**TASK PROMPT**
Could you output each line below exactly as it appears, excluding any pictures?

(Dataset items)
★ ★ ★ ★
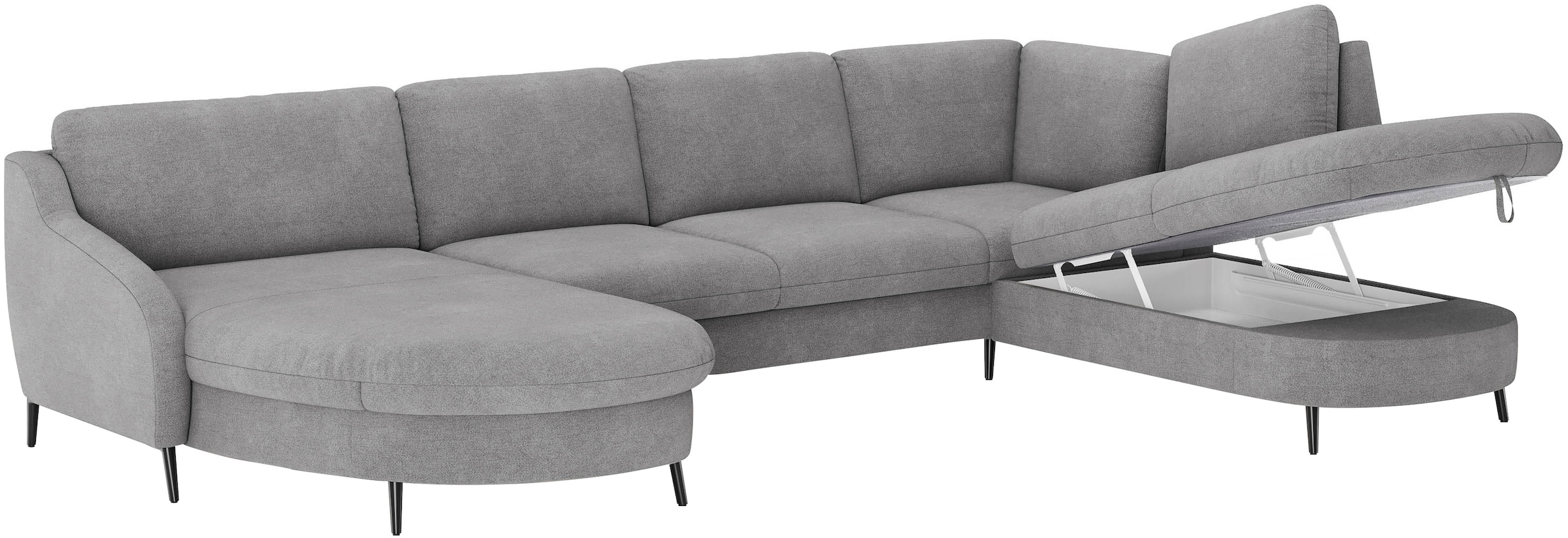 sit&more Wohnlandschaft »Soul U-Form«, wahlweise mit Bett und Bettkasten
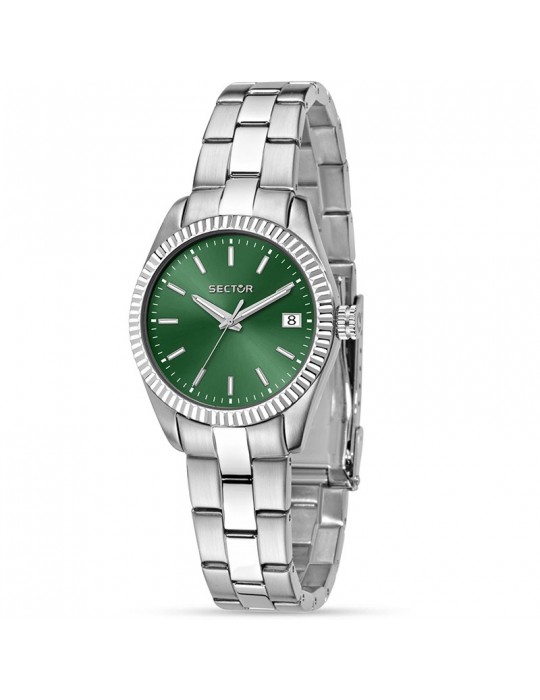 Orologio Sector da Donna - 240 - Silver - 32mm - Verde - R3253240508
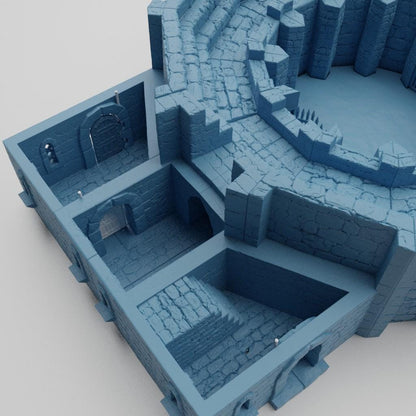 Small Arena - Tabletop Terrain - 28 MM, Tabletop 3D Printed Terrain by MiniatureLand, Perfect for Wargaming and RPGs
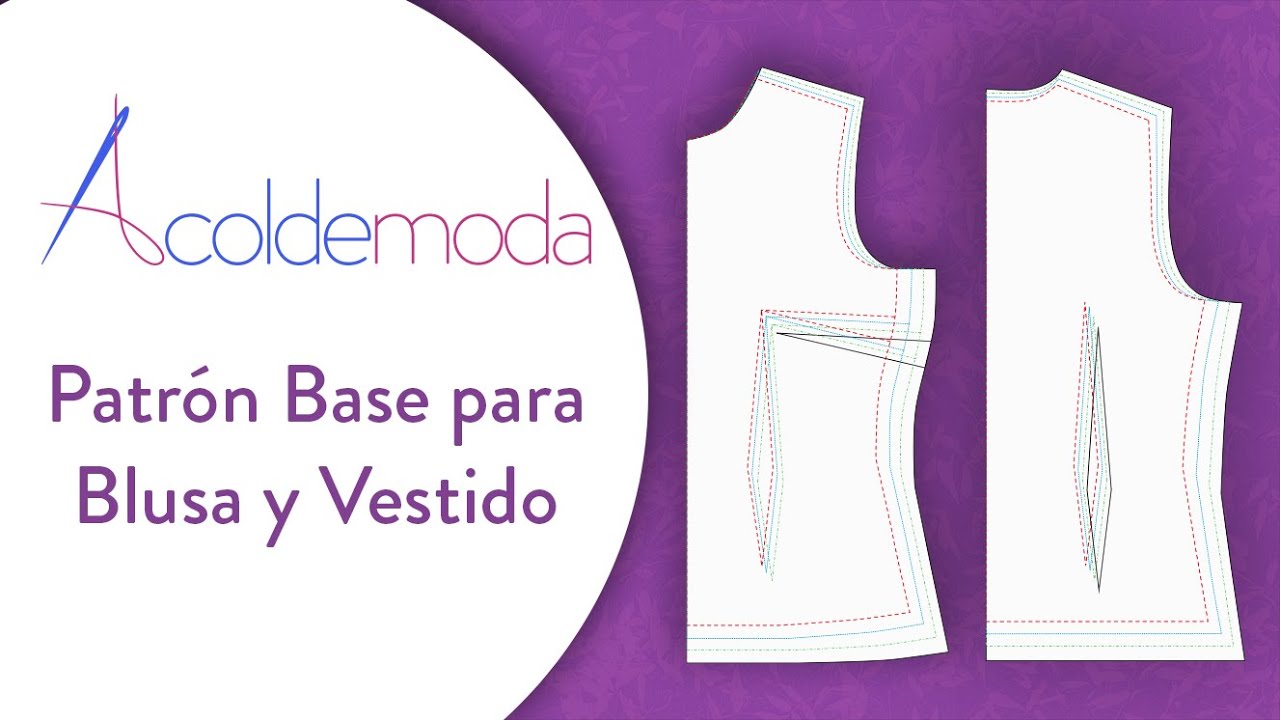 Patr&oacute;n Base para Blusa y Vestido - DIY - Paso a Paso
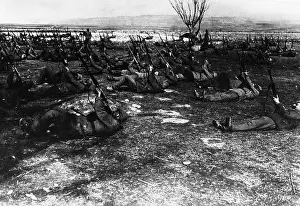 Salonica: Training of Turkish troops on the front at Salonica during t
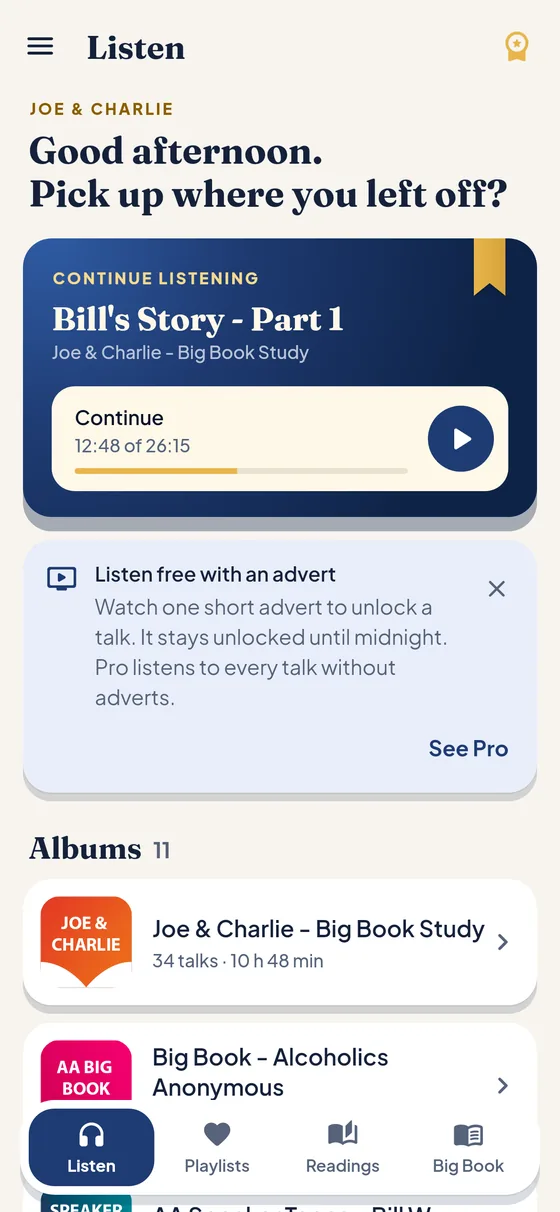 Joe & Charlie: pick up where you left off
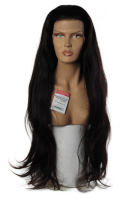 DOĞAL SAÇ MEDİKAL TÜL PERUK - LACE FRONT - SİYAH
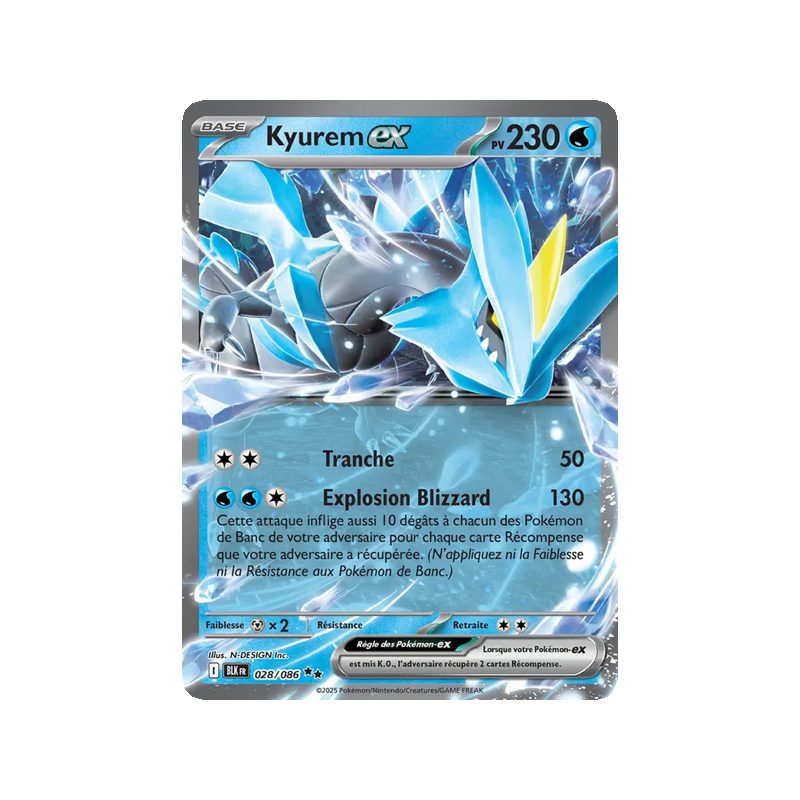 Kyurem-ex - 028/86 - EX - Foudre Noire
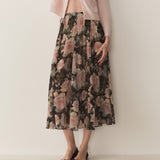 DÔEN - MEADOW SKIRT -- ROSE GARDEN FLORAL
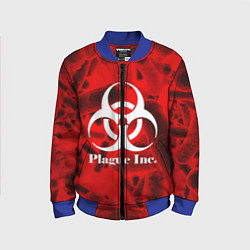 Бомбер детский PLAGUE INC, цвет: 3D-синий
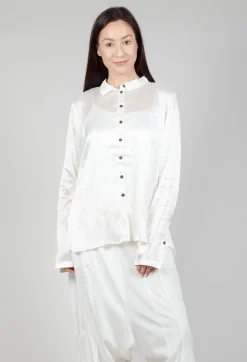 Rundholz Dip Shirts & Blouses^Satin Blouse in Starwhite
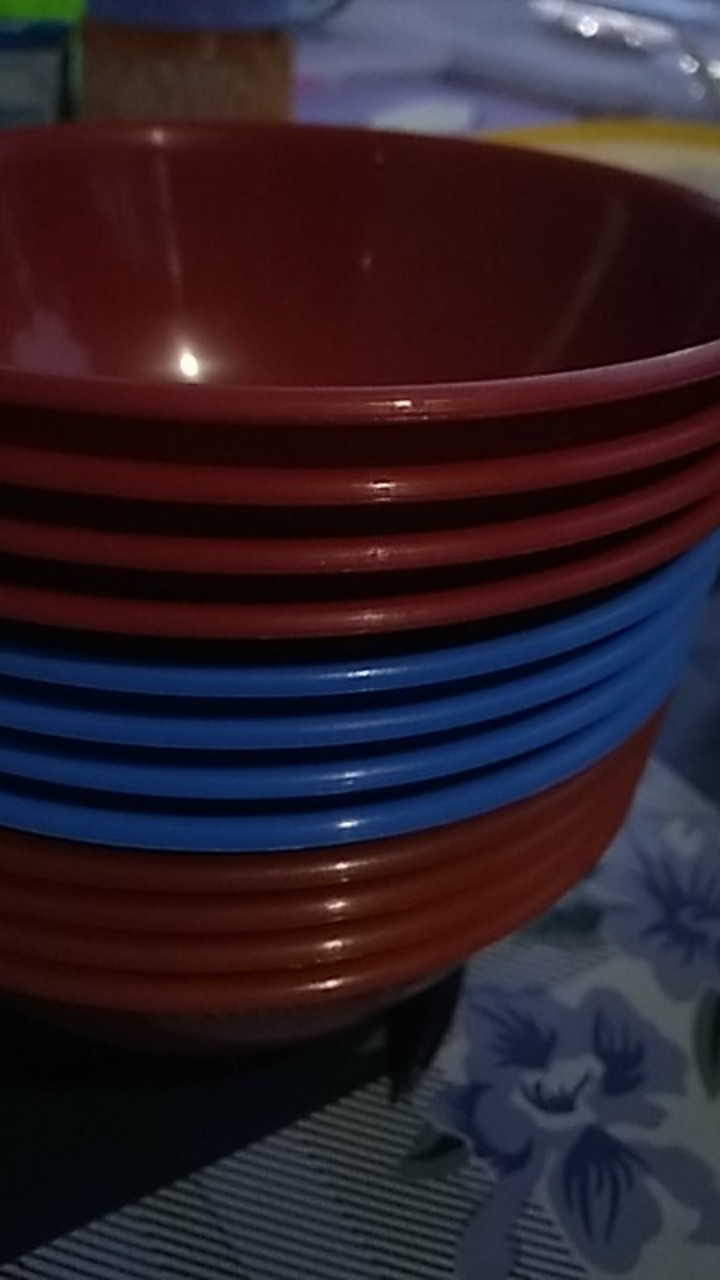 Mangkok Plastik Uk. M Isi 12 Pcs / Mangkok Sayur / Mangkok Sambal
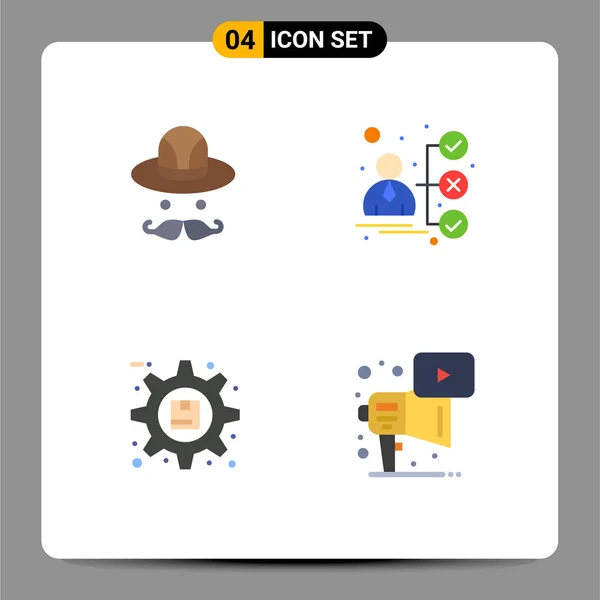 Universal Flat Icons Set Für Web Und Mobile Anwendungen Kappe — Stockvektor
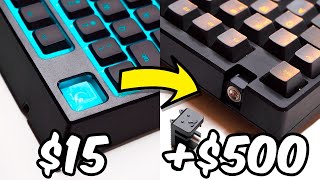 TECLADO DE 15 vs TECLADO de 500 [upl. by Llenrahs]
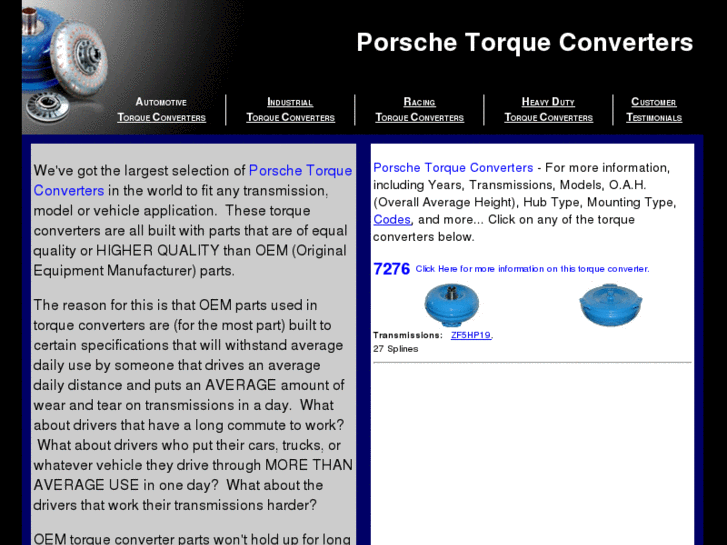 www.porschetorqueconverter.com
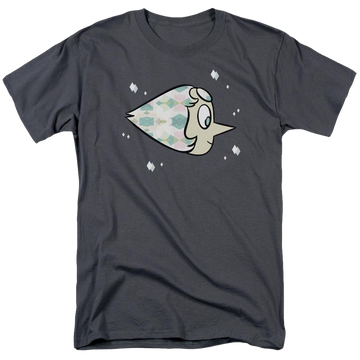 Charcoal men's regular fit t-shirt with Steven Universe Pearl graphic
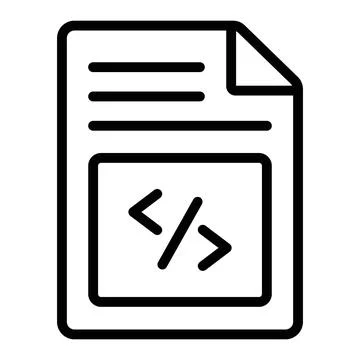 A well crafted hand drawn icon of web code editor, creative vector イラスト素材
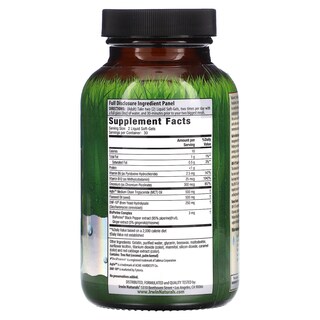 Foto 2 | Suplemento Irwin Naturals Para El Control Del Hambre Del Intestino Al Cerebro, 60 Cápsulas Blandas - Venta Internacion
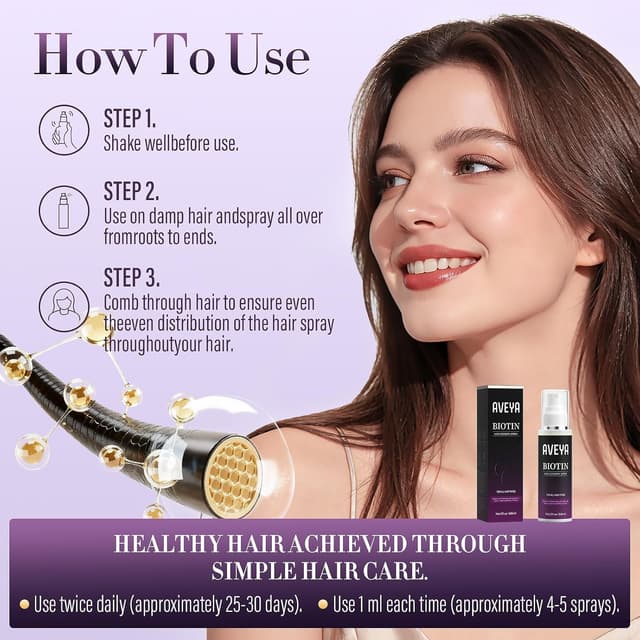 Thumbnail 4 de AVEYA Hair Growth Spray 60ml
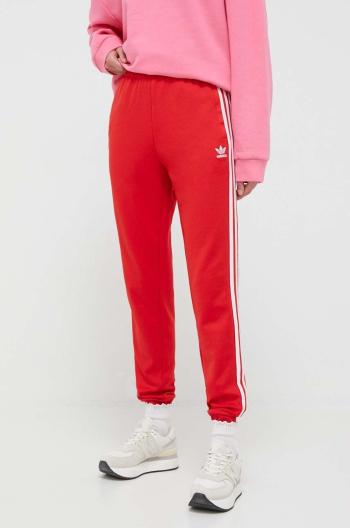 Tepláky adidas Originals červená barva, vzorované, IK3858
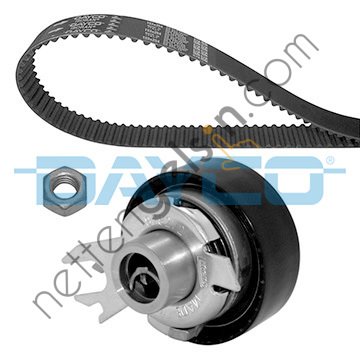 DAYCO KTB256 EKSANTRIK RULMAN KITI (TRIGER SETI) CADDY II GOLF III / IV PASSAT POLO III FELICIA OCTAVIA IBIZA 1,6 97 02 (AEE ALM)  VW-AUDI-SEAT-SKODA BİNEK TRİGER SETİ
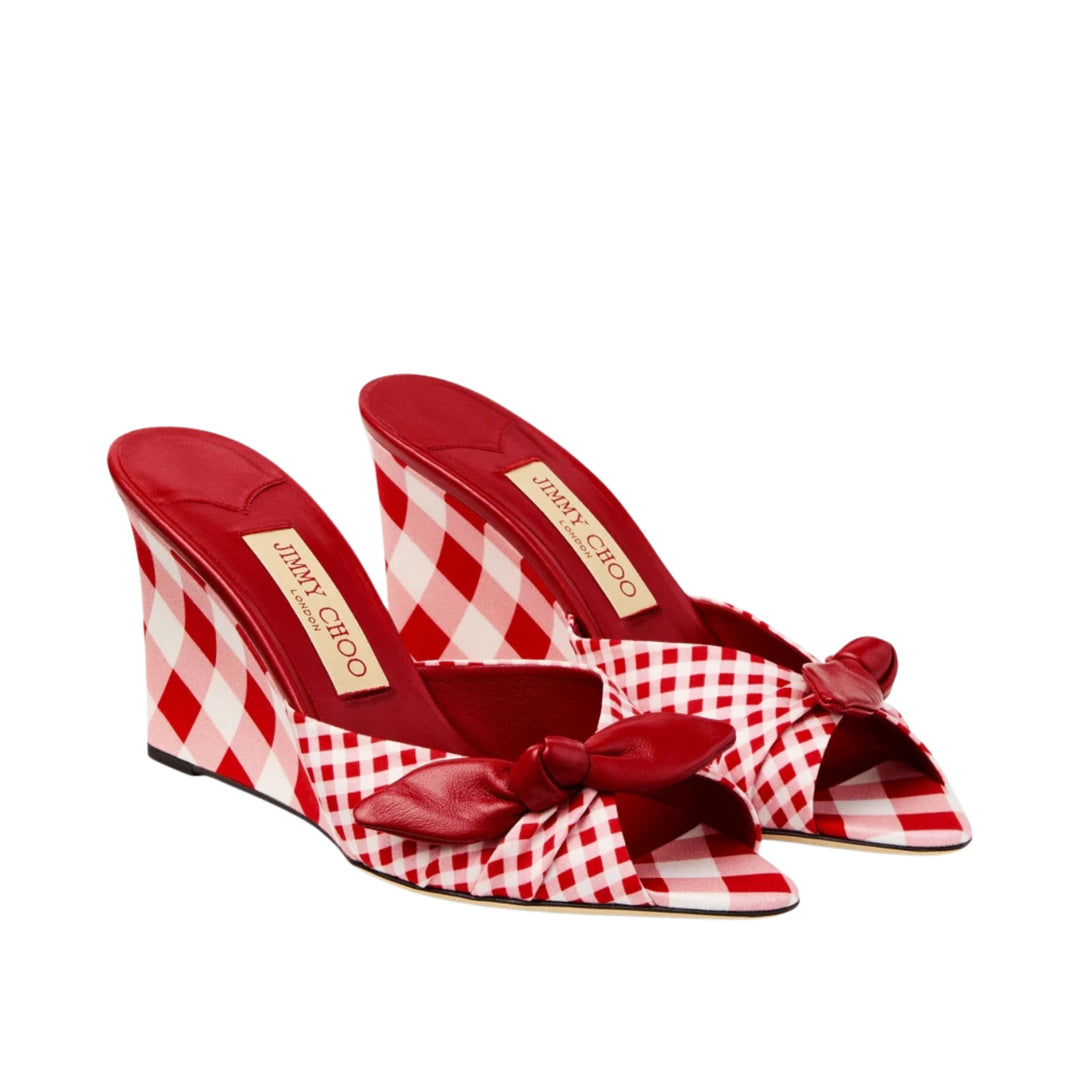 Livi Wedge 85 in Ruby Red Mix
★ ★ ★ ★
**TASK OUTPUT**
 sit&more Wohnlandschaft »Soul U-Form«, wahlweise mit Bett und Bettkasten
 Orologio Sector da Donna - 240 - Silver - 32mm - Verde - R3253240508
 Small Arena - Tabletop Terrain - 28 MM, Tabletop 3D Printed Terrain by MiniatureLand, Perfect for Wargaming and RPGs
 Patr&oacute;n Base para Blusa y Vestido - DIY - Paso a Paso
 Salonica: Training of Turkish troops on the front at Salonica during t
 Joe & Charlie: pick up where you left off
 DOĞAL SAÇ MEDİKAL TÜL PERUK - LACE FRONT - SİYAH
 Kyurem-ex - 028/86 - EX - Foudre Noire
 DÔEN - MEADOW SKIRT -- ROSE GARDEN FLORAL
 Бомбер детский PLAGUE INC, цвет: 3D-синий
 Rundholz Dip Shirts & Blouses^Satin Blouse in Starwhite
 Mangkok Plastik Uk. M Isi 12 Pcs / Mangkok Sayur / Mangkok Sambal
 Universal Flat Icons Set Für Web Und Mobile Anwendungen Kappe — Stockvektor
 TECLADO DE 15 vs TECLADO de 500 [upl. by Llenrahs]
 www.porschetorqueconverter.com
 Charcoal men's regular fit t-shirt with Steven Universe Pearl graphic
 A well crafted hand drawn icon of web code editor, creative vector イラスト素材
 Foto 2 | Suplemento Irwin Naturals Para El Control Del Hambre Del Intestino Al Cerebro, 60 Cápsulas Blandas - Venta Internacion
 Thumbnail 4 de AVEYA Hair Growth Spray 60ml
 Tepláky adidas Originals červená barva, vzorované, IK3858
 DAYCO KTB256 EKSANTRIK RULMAN KITI (TRIGER SETI) CADDY II GOLF III / IV PASSAT POLO III FELICIA OCTAVIA IBIZA 1,6 97 02 (AEE ALM)  VW-AUDI-SEAT-SKODA BİNEK TRİGER SETİ
 Livi Wedge 85 in Ruby Red Mix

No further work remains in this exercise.